■ Problem statement
An exact transcription of the records is required, minus any images.

Top of The records

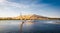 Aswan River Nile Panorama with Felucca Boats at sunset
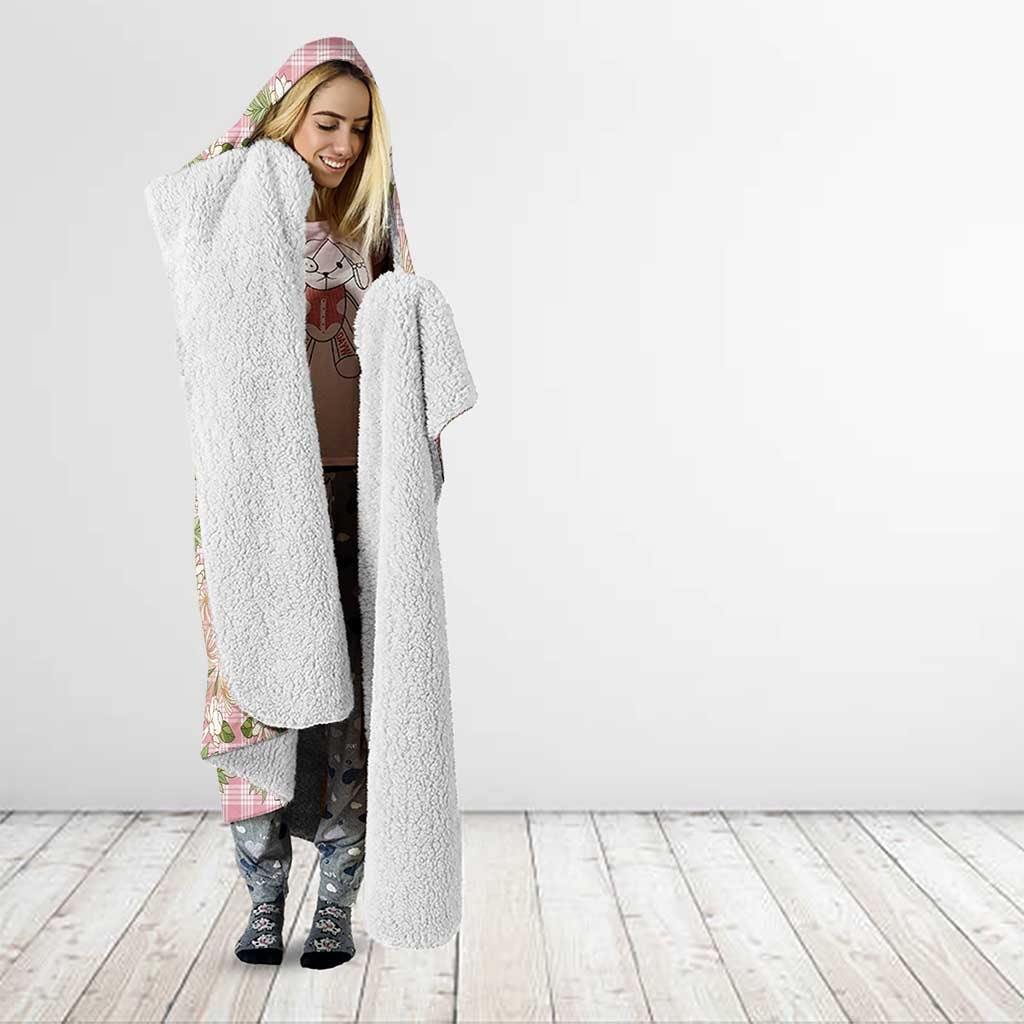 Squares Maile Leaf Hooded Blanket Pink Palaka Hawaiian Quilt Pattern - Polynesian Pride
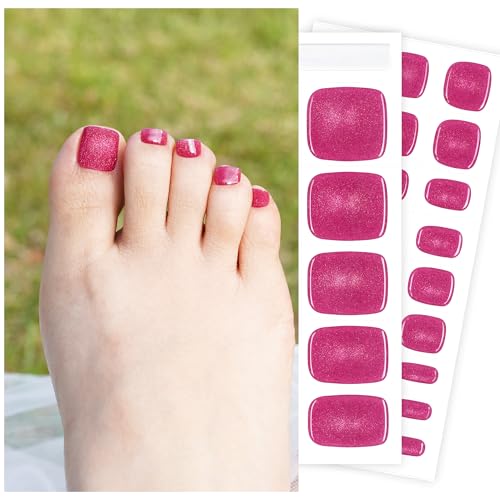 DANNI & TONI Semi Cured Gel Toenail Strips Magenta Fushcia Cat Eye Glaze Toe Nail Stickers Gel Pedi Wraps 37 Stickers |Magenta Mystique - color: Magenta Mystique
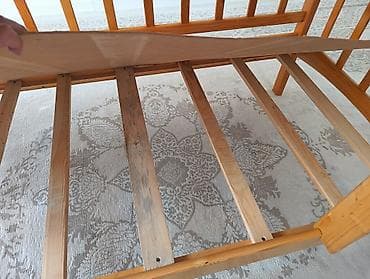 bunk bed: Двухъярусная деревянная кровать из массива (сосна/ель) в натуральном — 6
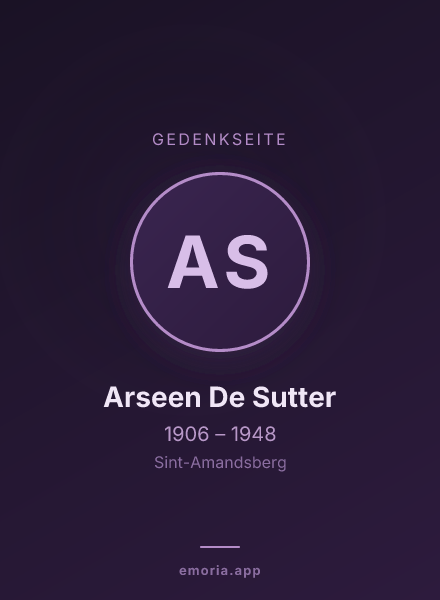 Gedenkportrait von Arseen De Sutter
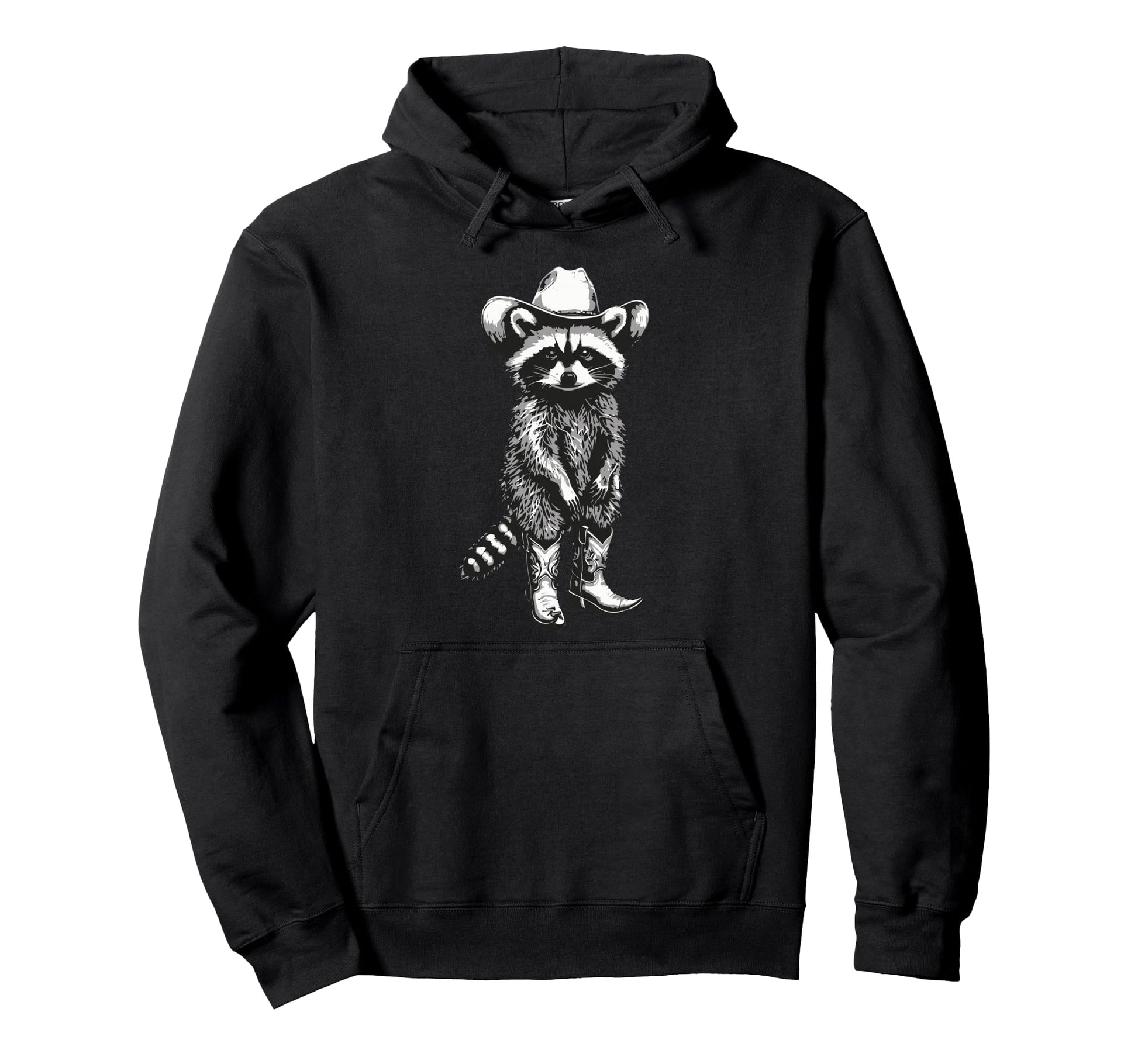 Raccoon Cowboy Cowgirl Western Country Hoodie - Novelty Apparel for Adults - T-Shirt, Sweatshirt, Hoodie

Bottom of The records

■ Result of this exercise
 Aswan River Nile Panorama with Felucca Boats at sunset
 Squares Maile Leaf Hooded Blanket Pink Palaka Hawaiian Quilt Pattern - Polynesian Pride
 DANNI & TONI Semi Cured Gel Toenail Strips Magenta Fushcia Cat Eye Glaze Toe Nail Stickers Gel Pedi Wraps 37 Stickers |Magenta Mystique - color: Magenta Mystique
 bunk bed: Двухъярусная деревянная кровать из массива (сосна/ель) в натуральном — 6
 Gedenkportrait von Arseen De Sutter
 Raccoon Cowboy Cowgirl Western Country Hoodie - Novelty Apparel for Adults - T-Shirt, Sweatshirt, Hoodie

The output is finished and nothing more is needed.